Advanced Cypher Query Patterns for Apache AGE
This document contains advanced Cypher query patterns for complex graph exploration beyond basic vector search.
Table of Contents
Fuzzy Label Matching
When you need flexible matching instead of exact labels, use WHERE clauses with various string operators.
Basic Exact Match (for reference)
MATCH (c:Concept {label: "agile"})
OPTIONAL MATCH evidence = (c)-[:EVIDENCED_BY]->(i:Instance)-[:FROM_SOURCE]->(s:Source)
OPTIONAL MATCH concepts = (c)-[r]-(c2:Concept)
RETURN c, evidence, concepts
LIMIT 30
1. CONTAINS - Most Common for Fuzzy Matching
Finds concepts where label contains the search term anywhere.
MATCH (c:Concept)
WHERE c.label CONTAINS "agile"
OPTIONAL MATCH evidence = (c)-[:EVIDENCED_BY]->(i:Instance)-[:FROM_SOURCE]->(s:Source)

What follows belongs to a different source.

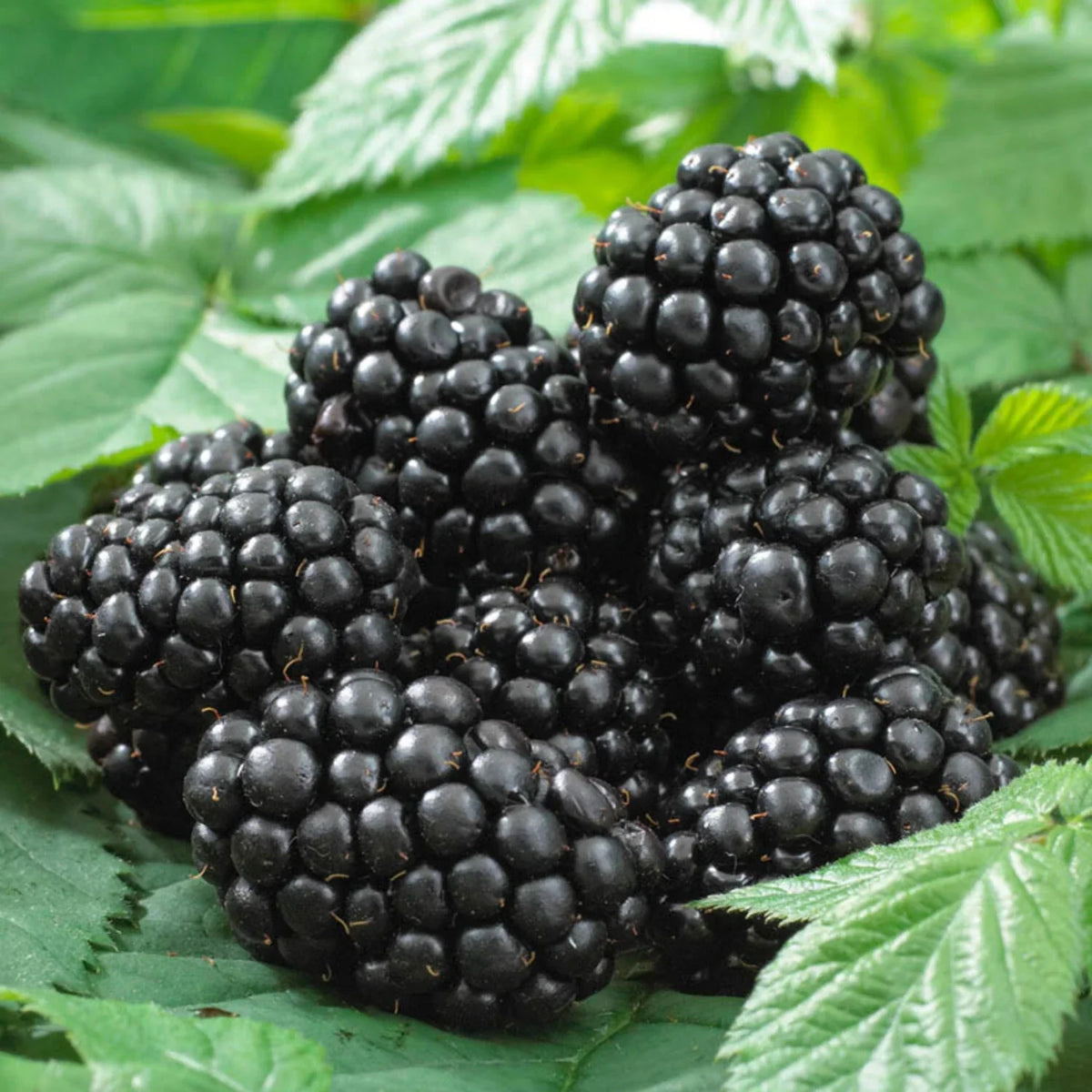 Thornless Blackberry Live Plant 8+ Inches Rubus 'Black Satin' Disease Resistant Easy Care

OPTIONAL MATCH concepts = (c)-[r]-(c2:Concept)
RETURN c, evidence, concepts
LIMIT 30
Matches: "agile", "agile methodology", "being agile", "Agile Manifesto"
2. Case-Insensitive CONTAINS (Recommended)
Most robust for user queries - handles any case variation.
MATCH (c:Concept)
WHERE toLower(c.label) CONTAINS toLower("agile")
OPTIONAL MATCH evidence = (c)-[:EVIDENCED_BY]->(i:Instance)-[:FROM_SOURCE]->(s:Source)
OPTIONAL MATCH concepts = (c)-[r]-(c2:Concept)
RETURN c, evidence, concepts
LIMIT 30
Matches: "Agile", "AGILE", "agile methodology", "Being Agile"
3. STARTS WITH / ENDS WITH
For prefix or suffix matching.
MATCH (c:Concept)
WHERE c.label STARTS WITH "agile"
-- or WHERE c.label ENDS WITH "agile"
OPTIONAL MATCH evidence = (c)-[:EVIDENCED_BY]->(i:Instance)-[:FROM_SOURCE]->(s:Source)
OPTIONAL MATCH concepts = (c)-[r]-(c2:Concept)
RETURN c, evidence, concepts
LIMIT 30
STARTS WITH matches: "agile", "agile methodology", "agile practices" ENDS WITH matches: "being agile", "truly agile"
4. Regular Expression - Most Flexible
Full pattern matching with regex support.
MATCH (c:Concept)
WHERE c.label =~ "(?i).*agile.*"
-- (?i) makes it case-insensitive
-- .* matches any characters before/after
OPTIONAL MATCH evidence = (c)-[:EVIDENCED_BY]->(i:Instance)-[:FROM_SOURCE]->(s:Source)
OPTIONAL MATCH concepts = (c)-[r]-(c2:Concept)
RETURN c, evidence, concepts
LIMIT 30
Regex Patterns:
- (?i) - Case insensitive flag
- .* - Match any characters (zero or more)
- (agile|scrum) - Match alternatives
- ^agile - Must start with "agile"
- agile$ - Must end with "agile"
5. Multiple Conditions with OR
Search for multiple related terms at once.
MATCH (c:Concept)
WHERE c.label CONTAINS "agile"
OR c.label CONTAINS "scrum"
OR c.label =~ "(?i).*kanban.*"
OPTIONAL MATCH evidence = (c)-[:EVIDENCED_BY]->(i:Instance)-[:FROM_SOURCE]->(s:Source)
OPTIONAL MATCH concepts = (c)-[r]-(c2:Concept)
RETURN c, evidence, concepts
LIMIT 30
Path Finding with Scoring
Find connections between concepts with various scoring strategies.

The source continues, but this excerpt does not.